I also noticed that when I fall asleep, when I leave, I stop hearing Tinnitus. It's just that I'm dozing off, I stop hearing. But when I come back, I will wake up, slowly squeaks back from 0 to the usual volume level.
I have written about these experiences myself. It's not unusual.

We're just too fat a cow to stop milking.
Thankfully, I am not a cow. :puppykisses:
 
Indeed, they earn to much off of there drugs, I would rather donate to Tinnitus charity.

I donate to the Kresge hearing institute at the university of Michigan. We all should. They are the closest to a 'cure' device. That's our best bet, a device, cos for the reasons I stated a pill ain't coming. Pharma loves selling us crap that doesn't fix it and doctors adore us because we gobble it up and never expect to be cured. We're the perfect patients, low expectations, high demand, written off as mental if we complain.
 
I would sleep and not hear anything, then wake up get my bearings, think: is T gonne today? Go listen to hear if its there and sure as anything it would show up. I think the mind focuses on what you think about and if your not thinking about it, its like its not there for a bit.
I don't think it helps to stop thinking about it. I think this is false assumption. That's not my experience at all. When this was happening to me, I would become increasingly conscious as I was waking up and in this drowsy state I would not hear the tinnitus at all. The first time it happened I could hardly believe it, and I may have started analyzing myself and listening for it. But when it happened the second, the third and the fourth time I was not as surprised about it and didn't think anything of it. I knew it would steadily crawl back on me, and it did, every time. Without me ever listening for it.

This is why I say that it has a mind of its own. I used to think this way... I would fall into the trap of thinking that perhaps the people who say that if you are thinking about your tinnitus makes it worse are right. I no longer fall for that, because my experience tells me that the severity or loudness of tinnitus has nothing to do with my attention to it. It has to do with brain activity. That's not to say that my thoughts are not the result of brain activity, but I don't think that thought processes affect tinnitus. There may be some interactions. But it's as if cognition and tinnitus are running on two separate circuits.

The very fact that we can perceive these phantom sounds we call tinnitus tells us that there are indeed interactions. Our brains are not dumb lumps of tissue and our thoughts are not isolated to specific region of the brain with no interaction with other parts of the brain. That would mean that we are not able to think and walk at the same time for example. You know that's not true.

Of course there will be interactions. But last time I checked I was not able to control tinnitus with my thoughts. I was not able to make it better or make it worse. It's just there... and I can't do much about it. If it's going to be better on some days it's going to get there on its own, I still haven't found any kind of pattern that allows me to predict what will make it better or what will make it worse.
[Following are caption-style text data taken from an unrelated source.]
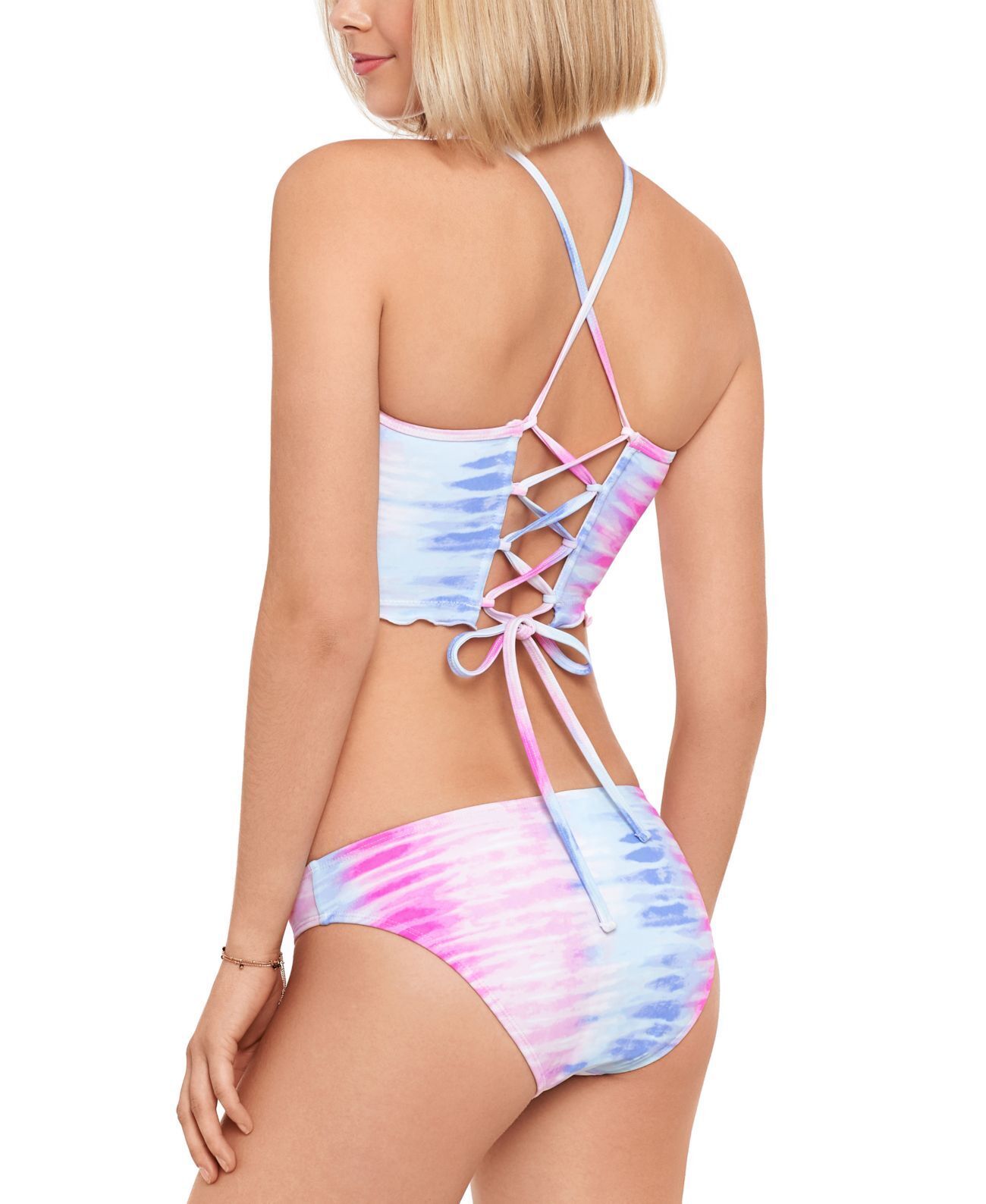 Salt + Cove Juniors Lace-Up-Back High-Neck Swim Top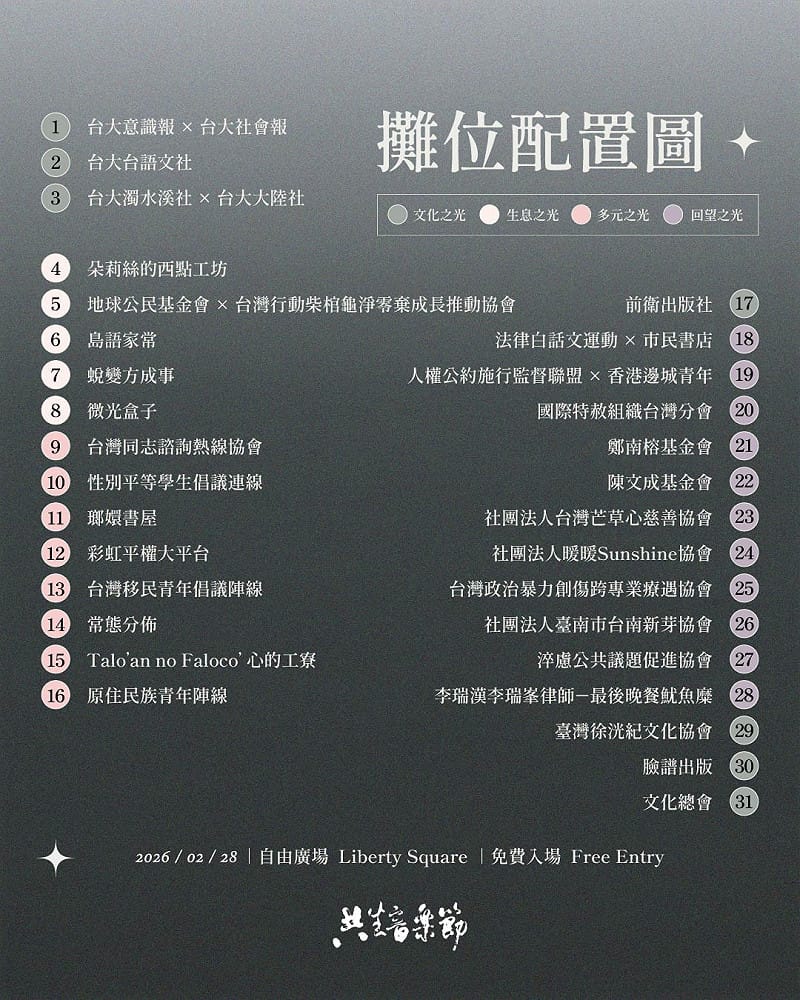「2026 共生音樂節」人權市集。圖:取自共生音樂節臉書 「2026 共生音樂節」人權市集。圖:取自共生音樂節臉書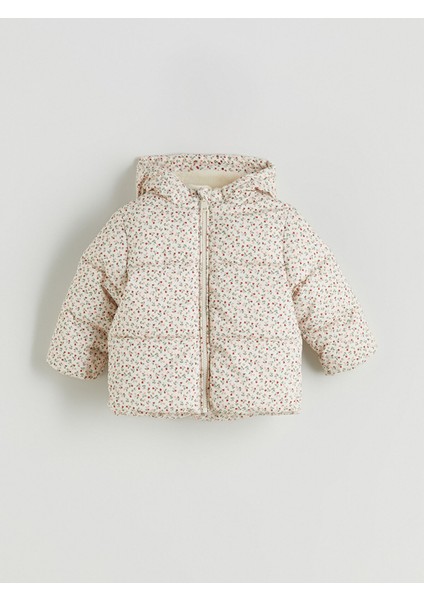 Yeni Sezon Kapüşonlu Çiçekli Kız Bebek Şişme Mont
It seems as if sleep affects it more than anything else. When I get good night's sleep it usually gets better in the morning, but not always it seems. It's unpredictable to say the least.

The thing about the brain is that there all these interactions and activities are so complex, we hardly understand any of it. In a human subject we can hardly see into the brain. Our best MRI machines can only give us crude approximations of what is actually going on inside the brain. We need way better instruments with much better spatial and temporal resolution if we want to study, understand and diagnose complex brain disorders in live subjects, human or otherwise.
 
You have two types of sleep deep dreamless sleep and rem cycle dream sleep. You can hear tinnitus or the mind can react to it still in dream sleep but not in deep sleep.